Centro Português de Surrealismo vai abrir em Famalicão

Com um investimento previsto de 2,5 milhões de euros, o projeto da Fundação Cupertino de Miranda deverá abrir as portas no próximo ano.

O futuro Centro Português de Surrealismo vai nascer em Vila Nova de Famalicão no próximo ano, anunciaram ontem a Fundação Cupertino de Miranda e a câmara local, estimando um investimento de 2,5 milhões de euros em cinco anos.

Este projeto nasce numa fundação que tem atualmente mais de três mil obras ligadas ao surrealismo, nomeadamente de Mário Cesariny e Artur Cruzeiro Seixas, num total de 130 artistas. O objetivo dos promotores do Centro Português de Surrealismo é colocar Famalicão na rede internacional de surrealismo através do estabelecimento de parcerias com países como Espanha, Brasil, Holanda, França, EUA, Suécia, entre outros.

O investimento de 2,5 milhões de euros inclui custos com a obra de reorganização do espaço da Fundação Cupertino de Miranda localizada no centro do concelho, programação e gastos de funcionamento. Em específico, a obra, que arrancará no verão e tem como autor João Mendes Ribeiro, deverá custar 850 mil euros.

A principal transformação face ao desenho atual da fundação é a passagem do espaço museológico, bem como da oferta formativa, para os primeiros andares do edifício - atualmente localiza-se na torre que compõe o espaço - colocando-o na "linha da frente" de forma a "promover o contacto com a comunidade".

Os responsáveis estimam que venham a ser realizadas entre três a quatro exposições por ano, somando-se projetos de itinerância com outras instituições, visitas guiadas, oficinas e a instalação de uma livraria especializada em surrealismo.

"O projeto de Famalicão Centro Português de Surrealismo pretende envolver os famalicenses numa ação em que todos podem contribuir para que o concelho seja o centro do surrealismo. Acreditamos que haverá impacto a médio e longo prazo nas visitas com muitos benefícios para o concelho e para o país", disse o presidente da Fundação Cupertino de Miranda, Pedro Álvares Ribeiro.

Já o presidente da câmara de Famalicão, Paulo Cunha, descreveu o centro como um "projeto âncora", revelando que a autarquia está a celebrar um protocolo para cinco anos com a Fundação Cupertino de Miranda que inclui um apoio de 75 mil euros por ano.

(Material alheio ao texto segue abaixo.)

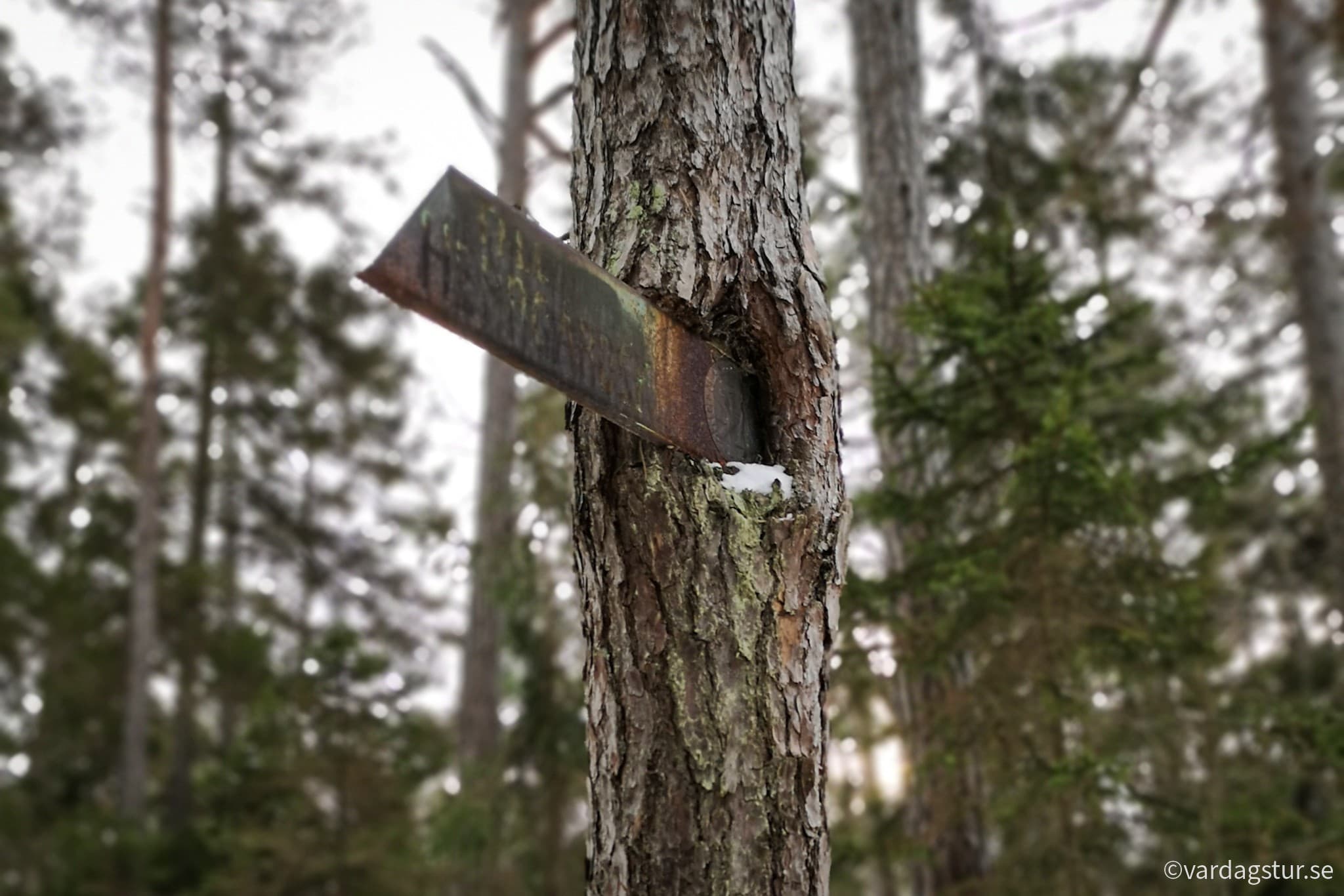 wp-16696623281001239854560494717823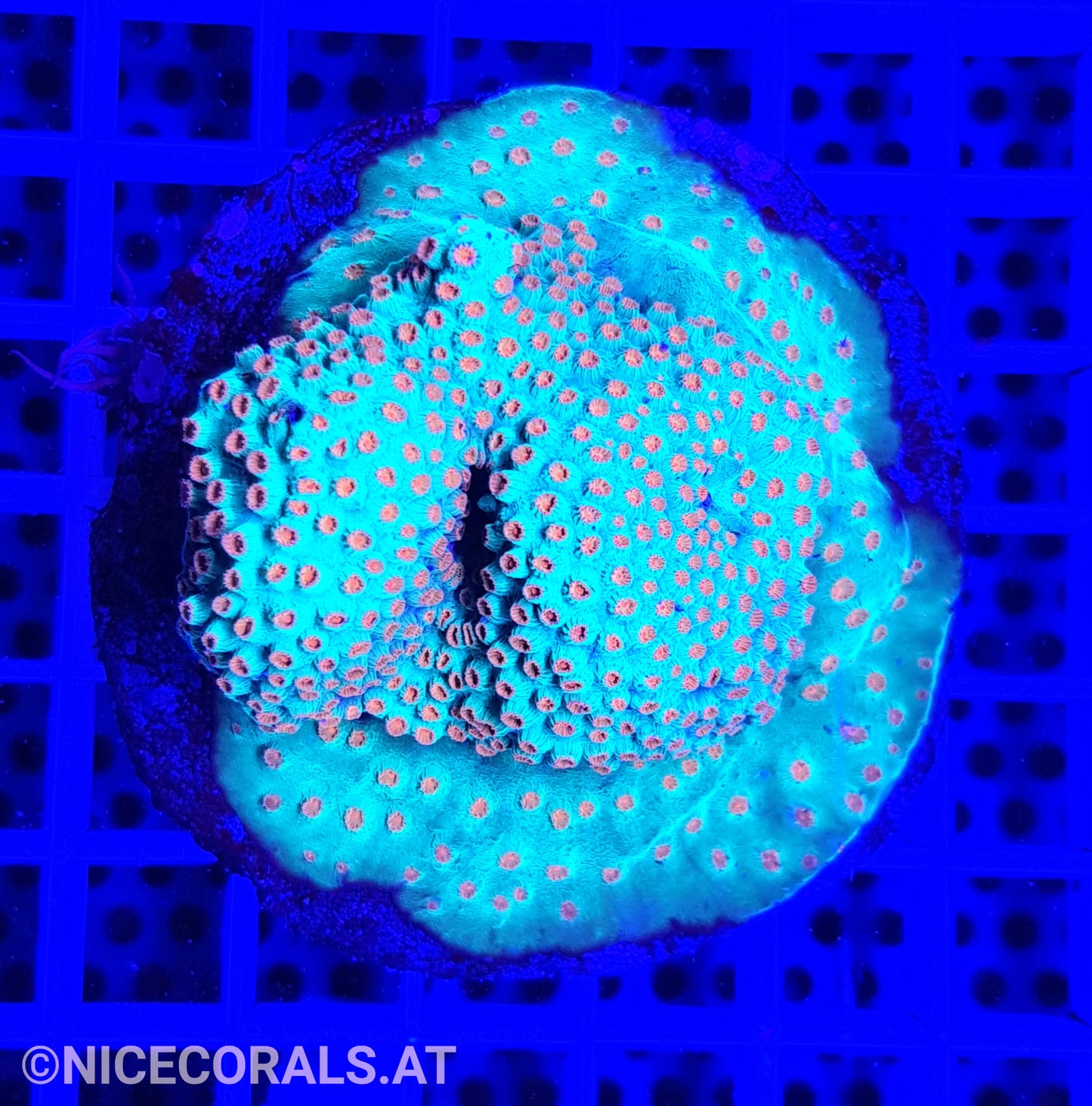 Cyphastrea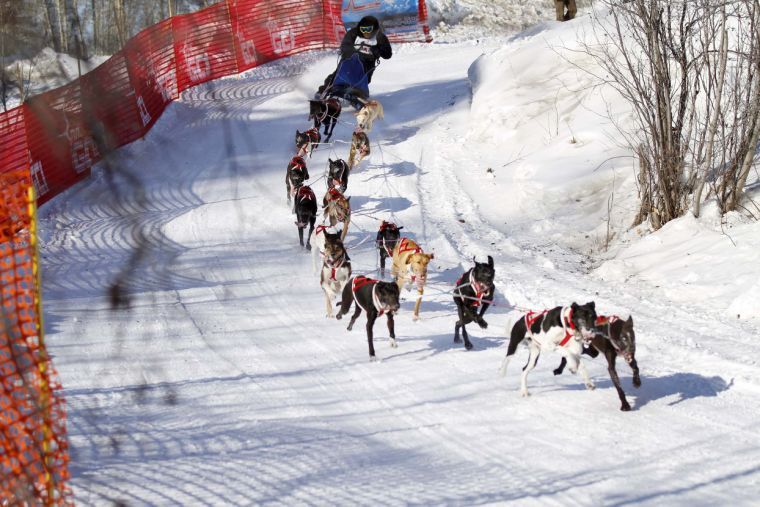 Fairbanks a mecca for dog mushing, the Alaska state sport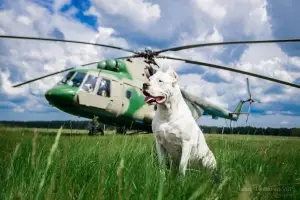 Photo №3. Great Dane of Argentina. Russian Federation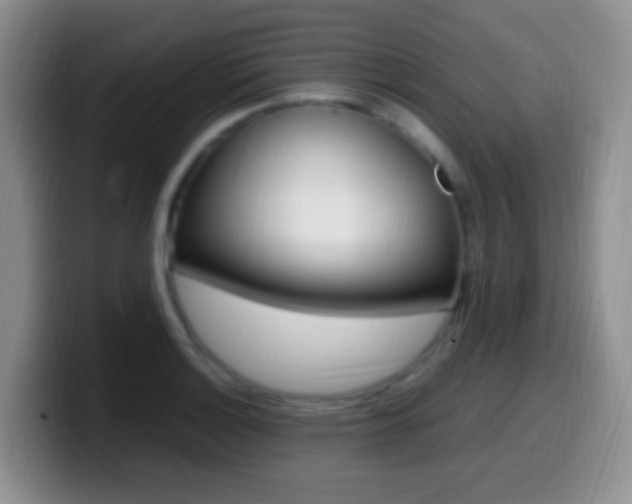 X0000099981132200805231017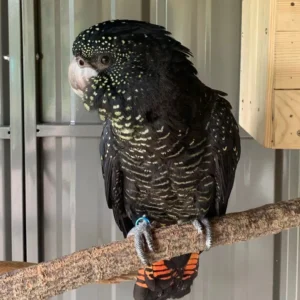Red-Tailed Black Cockatoo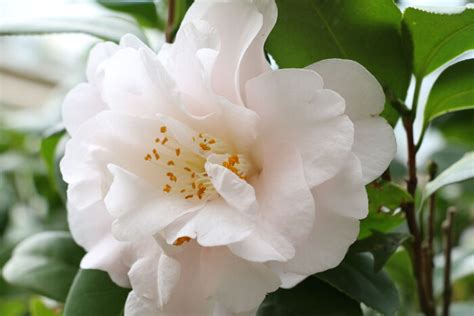 Camellia Flower Meaning - Flower Meaning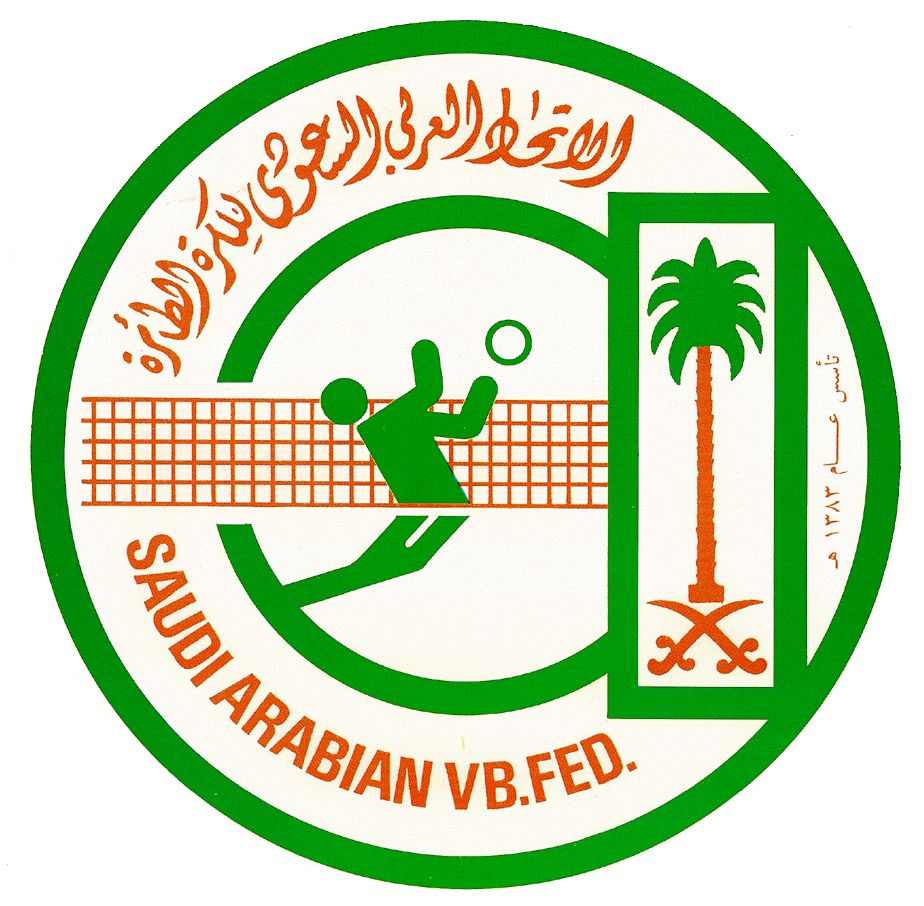 saudivb_pic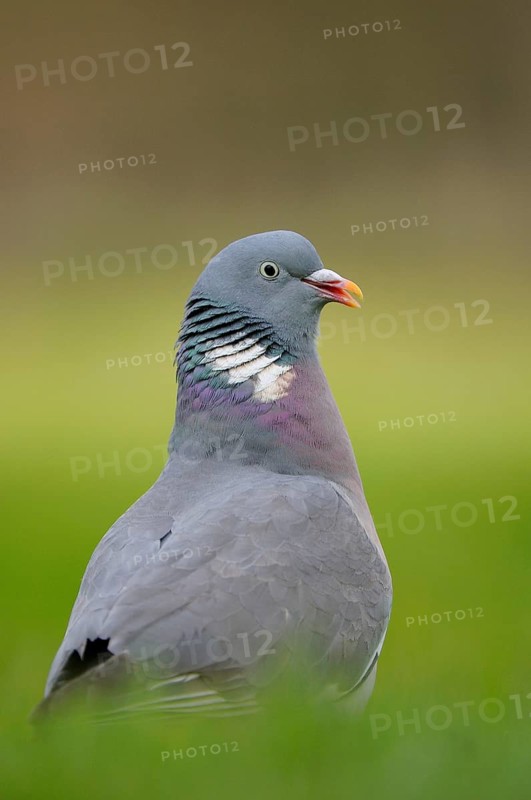 Wood Pigeon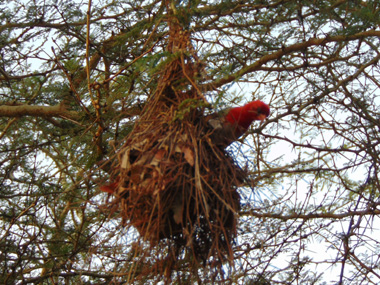 Weaver bird in its nest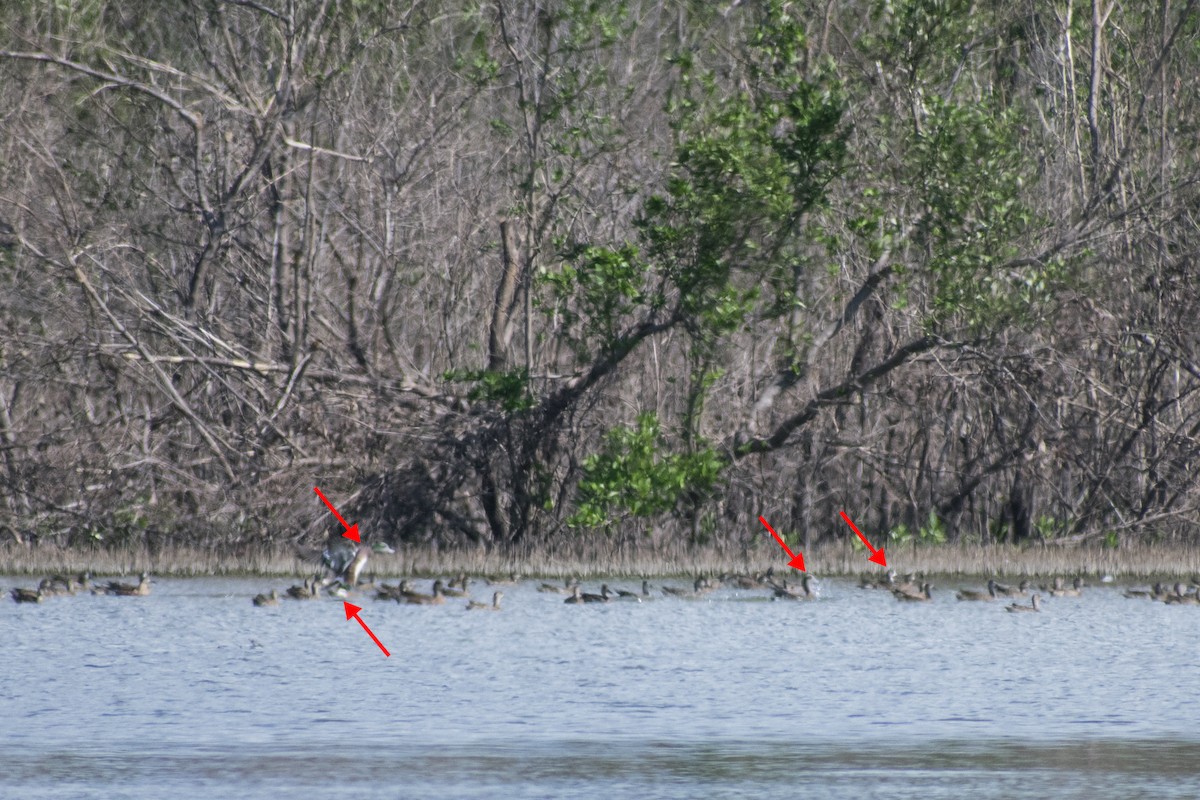 hvízdák americký - ML646071843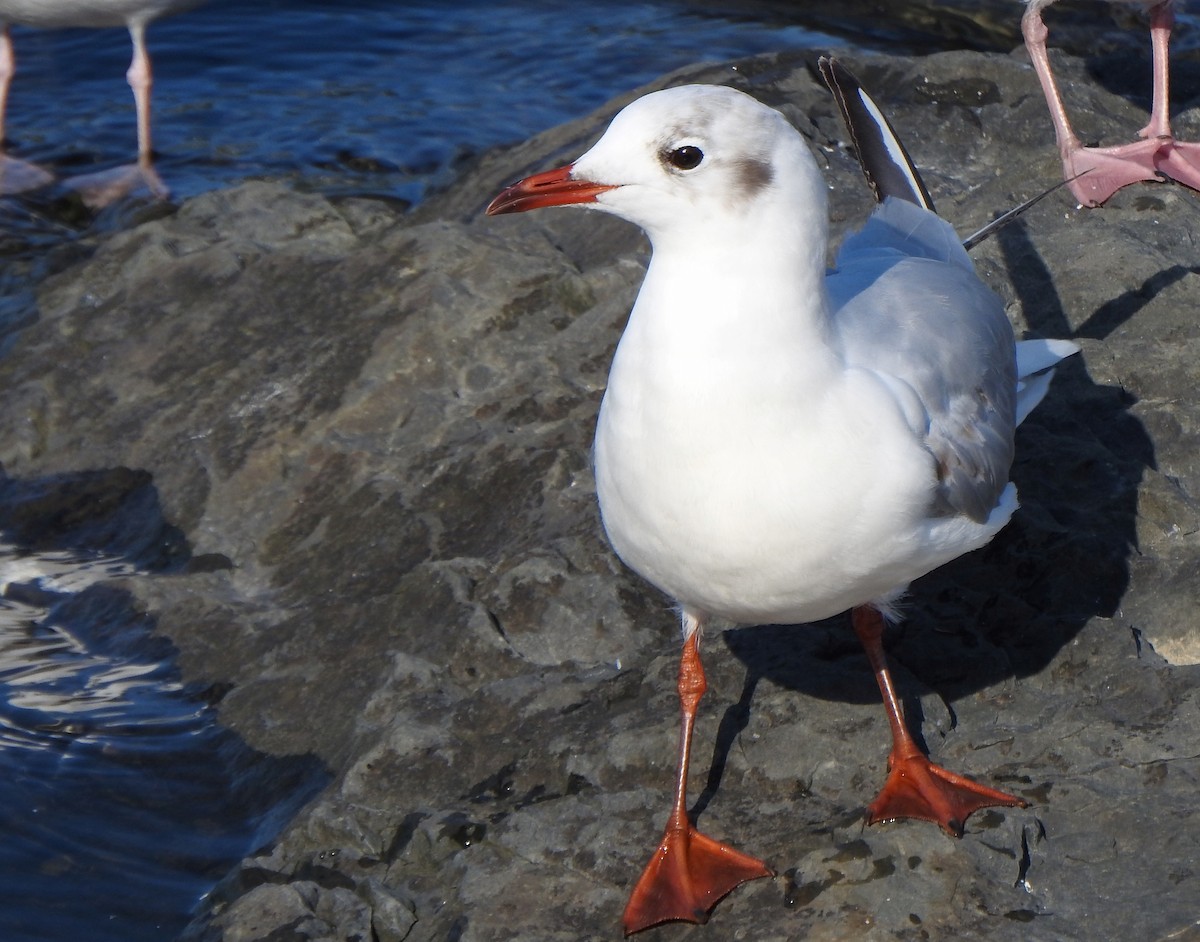 Black-headed Gull - Jules-Alex Banville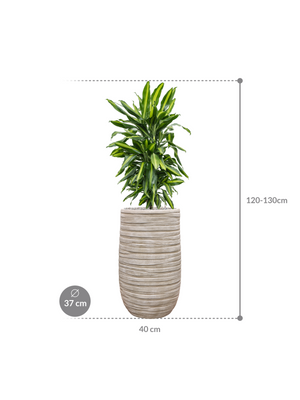 Dracaena fragrans 'Cintho' in Baq Tornado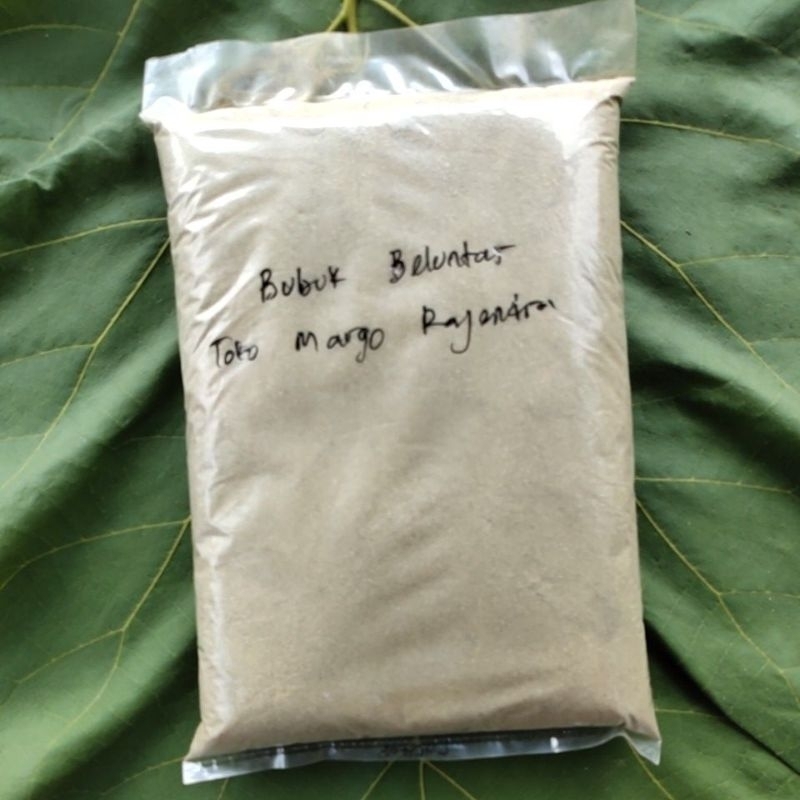 

Bubuk Beluntas Luntas 1kg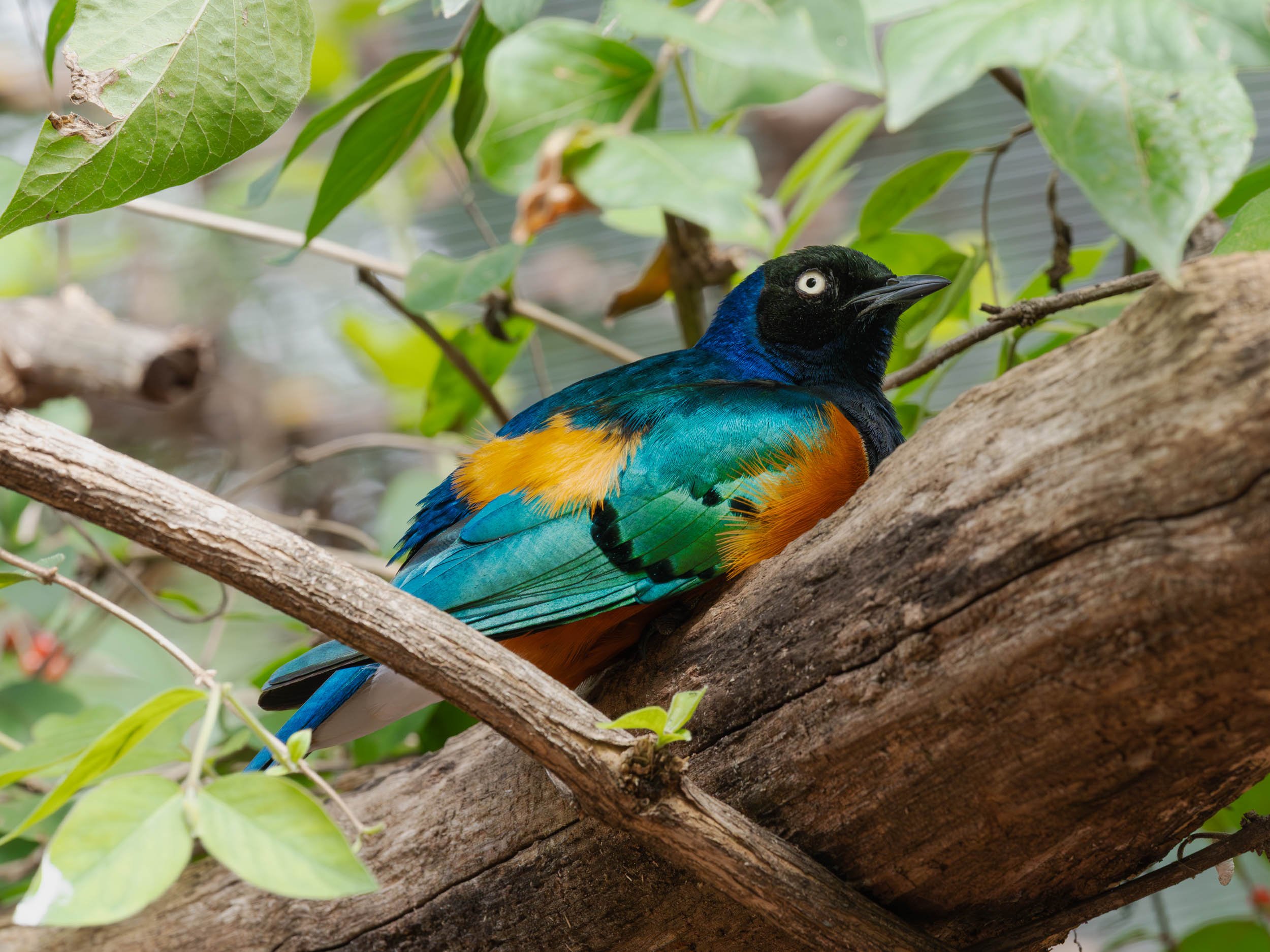 Superb Starling at Mill Mountain Bird Sanctuary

"É inegável o protagonismo que a fundação tem na área cultural quer em Famalicão, quer no país, sendo um dos pilares do concelho. E a fundação, que não vive fechada em si mesma, tem espólios riquíssimos", disse o autarca.

Paulo Cunha e Pedro Álvares Ribeiro vincaram o objetivo de tornar Vila Nova de Famalicão, no distrito de Braga, "o centro do surrealismo", criando uma "marca" que, creem, gerará "muitos benefícios" como o desenvolvimento da atividade turística ou o estabelecimento de parcerias com empresas e instituições.

No decorrer das obras, a biblioteca da Fundação Cupertino de Miranda manter-se-á aberta, no entanto a lógica de exposições temporárias e parte dos espaços estará "condicionada". Esta instituição, que recebeu em 2016 20 mil visitantes, já tinha, em 2000, lançado um Centro de Estudos de Surrealismo.

Em 2013 chegou a ser apresentado um projeto da autoria do arquiteto Eduardo Souto Moura que previa a construção de uma segunda torre na praça D. Maria II. Questionado sobre este projeto, Pedro Álvares Ribeiro garantiu que a ideia "nunca foi abandonada mas adiada" uma vez que se trata de um investimento a rondar os 10 milhões de euros.